To the contrary, I want Christians to know that they can and should be doing something very much like my outreach to bikers. We are called to be salt and light in the world (Matthew 5:13-16). How do we expect the world to see our works unless we are among them (1 Peter 2:12)? Or are we merely expecting them to come to us? Jesus has sent us all into the world in the same way that He was sent (John 17:18).
Here are some tips for building meaningful relationships with those who do not share your faith:
Pray. When I first came to realize how poorly I was doing, in responding to God’s call to live among non-Christians, I focused on Matthew 9:38: “Therefore pray earnestly to the Lord of the harvest to send out laborers into His harvest.” Every day I begged God to show me whom I was to be involved with and how to go about doing it.
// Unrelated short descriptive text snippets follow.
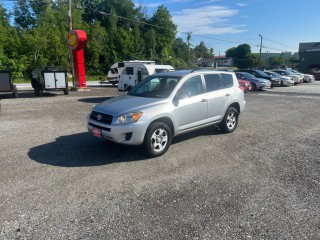 Image for 2012 Toyota Rav4  ID: 6658661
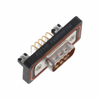 D-Sub Connector Assemblies - 900-1727040058-ND - DigiKey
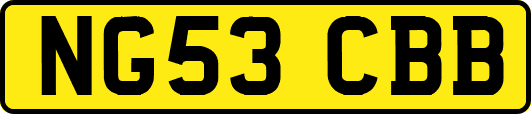 NG53CBB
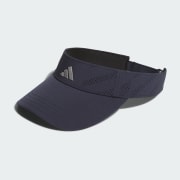 adidas Metal Visor - Blue | adidas Vietnam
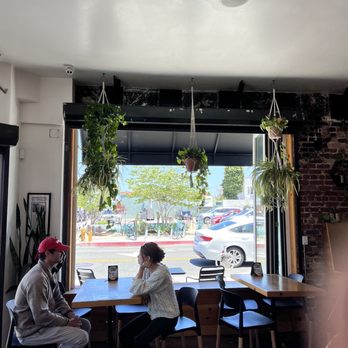 Salud Juice - Inside Juicery. Fresh smoothies & snacks! - Juice Bars & Smoothies Near Me - Long Beach, California Salud Juice - Inside Juicery. Fresh smoothies & snacks! - Juice Bars & Smoothies Near Me - Long Beach, California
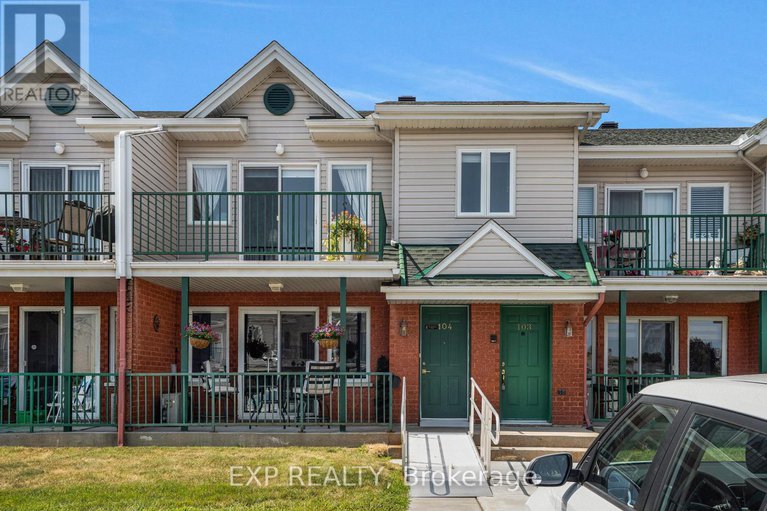 28874653/343-preston-street-11th-floor/ottawa/ontario/K1S1N4_1
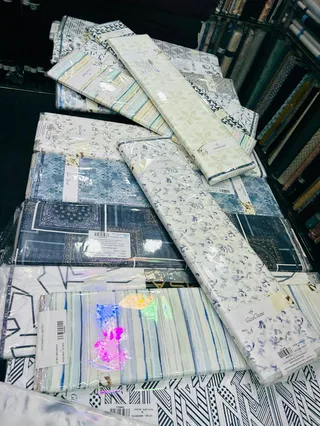 S.k. Tailor & Designer — photo 1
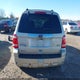 1FMCU9EG4CKC05322 2012 Ford Escape Limited auction photo thumbnail 16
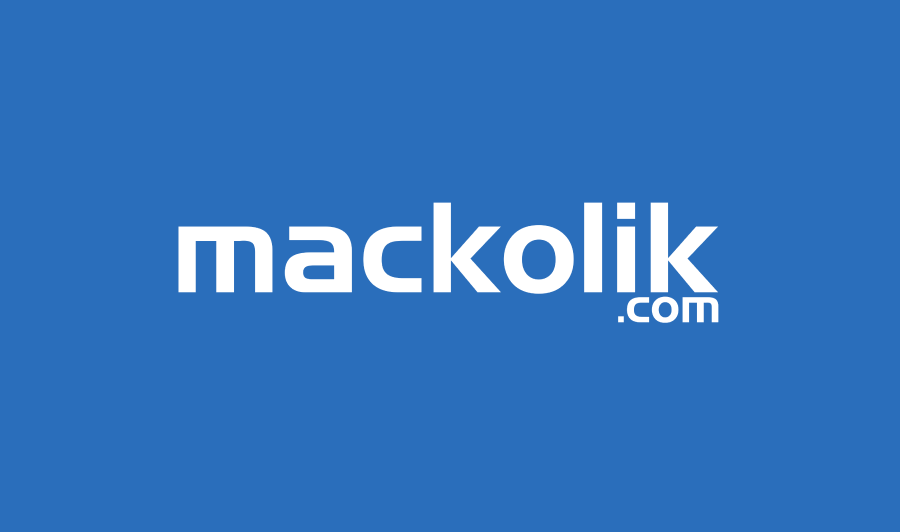 Mackolik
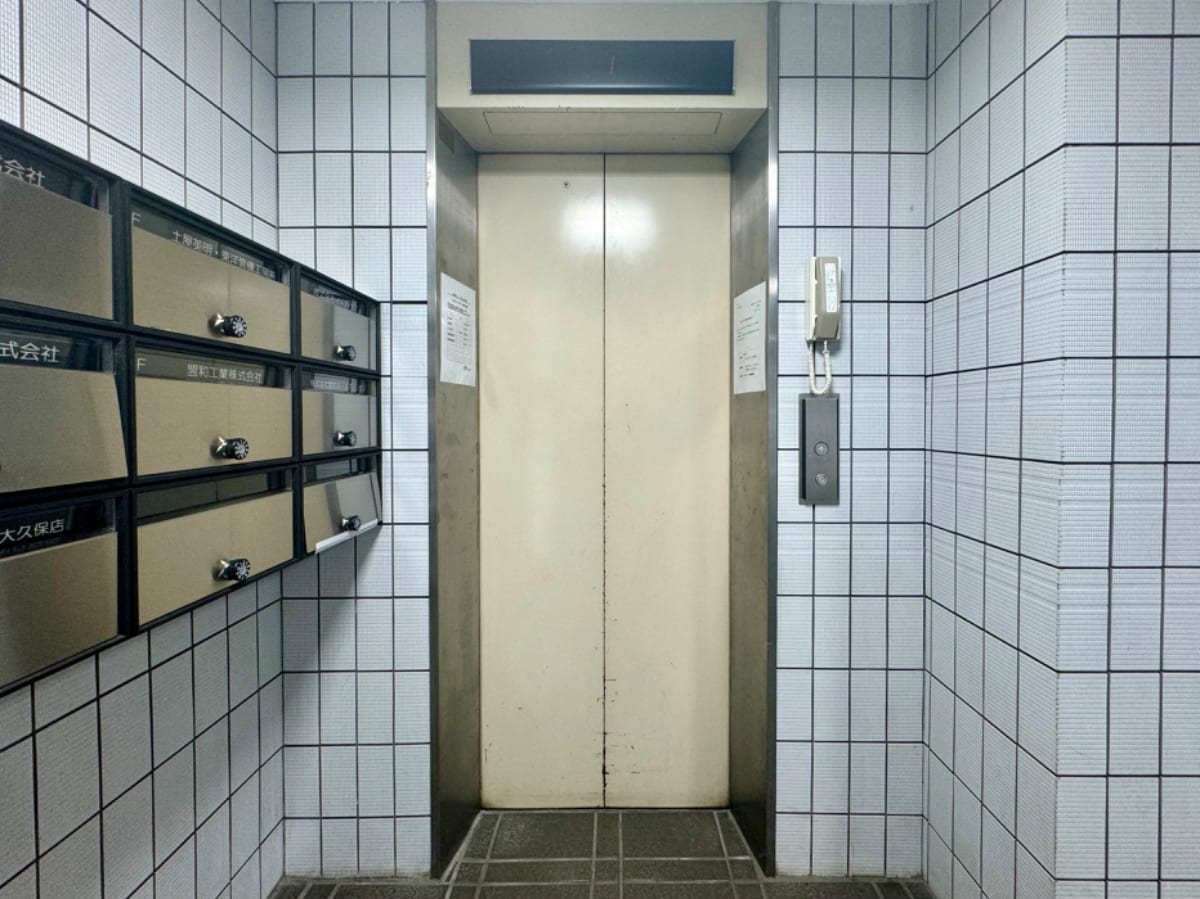 v20250427002254/fresh/building/J00100387491_11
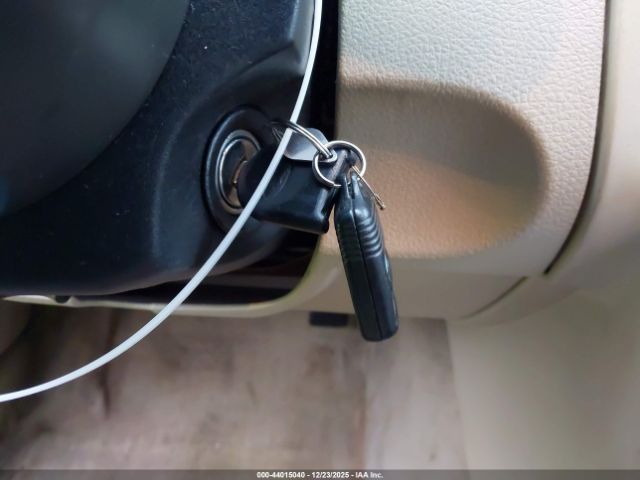 2006 FORD MUSTANG 1ZVFT84N665184908 Photo 10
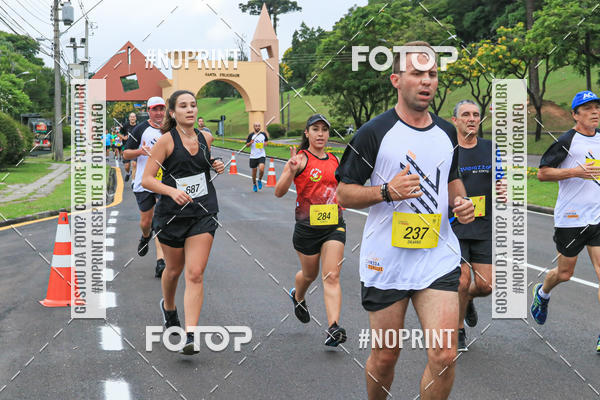 Buy your photos of the eventA LTIMA CORRIDA DO TINGUI on Fotop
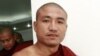 Leading Burmese Monk Detained, Facing Charges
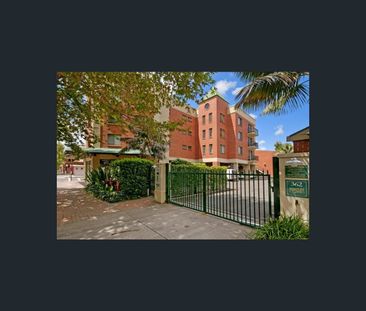 71/362 Mitchell Road, Erskineville, NSW 2043 - Photo 4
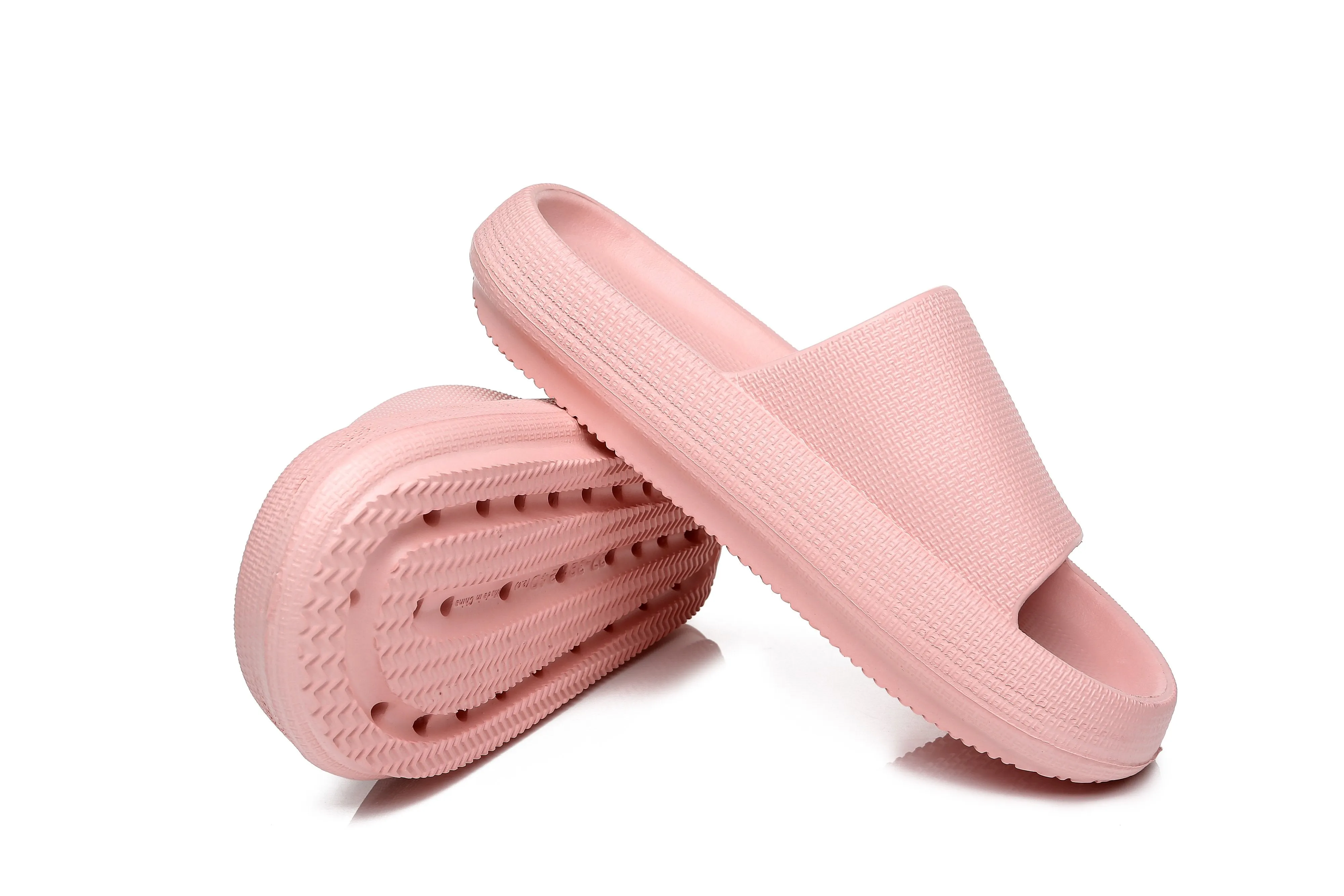 TARRAMARRA® Cloud Slide Women Claude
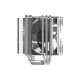 Кулер до процесора DARKFLASH S31 WHITE
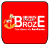 Logo Broze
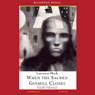 When the Sacred Ginmill Closes: A Matt Scudder Mystery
Within a few weeks it was as if the opportunity came to me. Joining a motorcycle club had not been on my list of possible opportunities. But when God allowed my path to cross that of a few of these men, it was obvious.
Do what you love. Starting with prayer does not mean that you simply sit back and wait. Begin to put yourself in places where relationships might start. Most likely, where God uses you will involve an interest you already have. I love motorcycles. You may love golf, cars, hunting, fashion, reading or crafts. There are others who love these things, too, and they also need Jesus. You may be knee-deep in involvement in a hobby, but perhaps you do it alone or with other Christians. Go find non-Christians who love what you love and share life with them.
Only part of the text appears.